Nella moda ci sono molti segreti, non sempre ben protetti. Segrete possono essere le conoscenze “tecniche”, come nel caso della nuova composizione di un tessuto o di un particolare meccanismo di chiusura, ma anche le conoscenze “commerciali” come quelle che attengono all’organizzazione e alle strategie dell’azienda, alle sue politiche di marketing, ai rapporti con la clientela e con i fornitori.

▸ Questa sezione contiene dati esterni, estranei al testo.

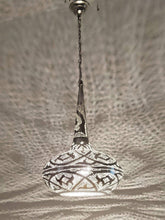 Load image into Gallery viewer, BR419 Tin Moroccan Filingrain Mosaic Silver Lampshade Hanging Lamp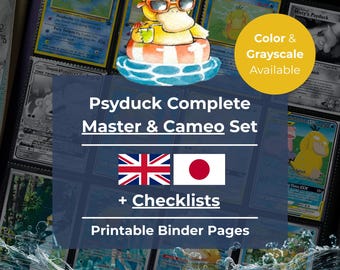 Psyduck (Master & Cameo) Set Binder Seiten + Checklisten | Jede Karte, jede Variante | Englische, Japanische Ausgaben | Druckbares PDF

I designer, i direttori creativi e i gli uffici stile creano ogni giorno abiti, loghi, tessuti, modelli di borse e accessori che possono far sorgere importanti diritti di proprietà intellettuale, come i marchi e i design, ma che necessitano di riservatezza in tutta la fase del processo creativo e, per parte, anche in quello esecutivo. A volte la segretezza è prescritta dalla legge (come nel caso delle invenzioni che se divulgate non possono essere brevettate), altre volte è richiesta dall’impresa con lo scopo di mantenere un vantaggio competitivo nei confronti degli altri concorrenti.

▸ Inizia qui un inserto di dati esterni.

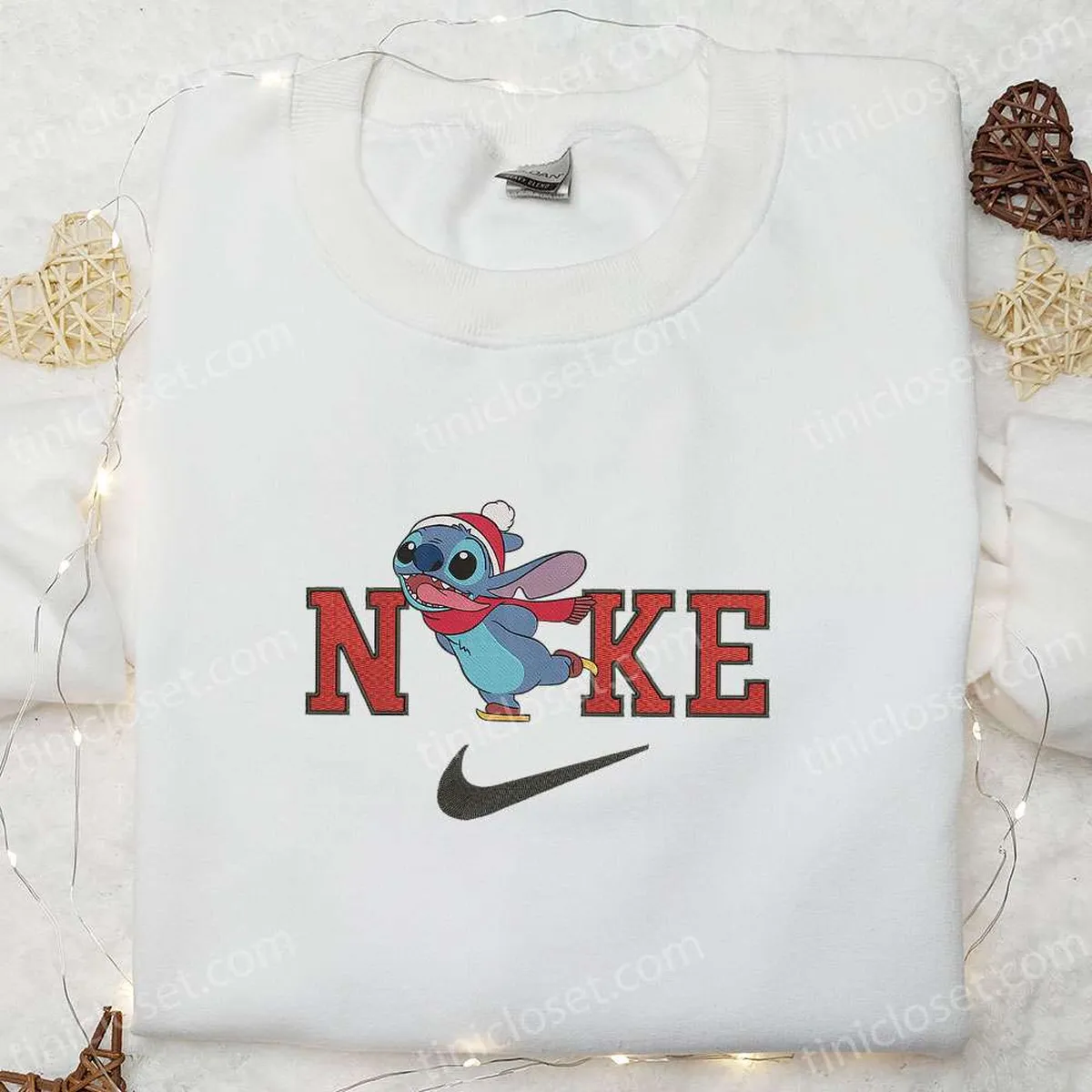 Stitch Ski x Nike Christmas Embroidered Sweatshirt, Movie Christmas Embroidered Shirt, Best Christmas Gift Ideas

La segretezza entra in gioco in una molteplicità di situazioni diverse e coinvolge sia i soggetti interni all’azienda (come ad esempio i collaboratori dell’ufficio stile) sia gli esterni, primi fra i partner commerciali e i fornitori.
Poichè la divulgazione di un segreto aziendale può costituire una grave una perdita per l’azienda , il nostro ordinamento protegge come veri e propri diritti di proprietà intellettuale (alla stregua di marchi, modelli e design) anche le conoscenze e le informazioni dell’azienda. Si deve trattare, però, di informazioni e conoscenze particolarmente qualificate che devono avere tre requisiti: essere ‘segrete’, avere ‘valore economico’ in quanto segrete, ed essere sottoposte a misure “da ritenersi ragionevolmente adeguate a mantenerle segrete” (art. 98 Codice della proprietà Industriale).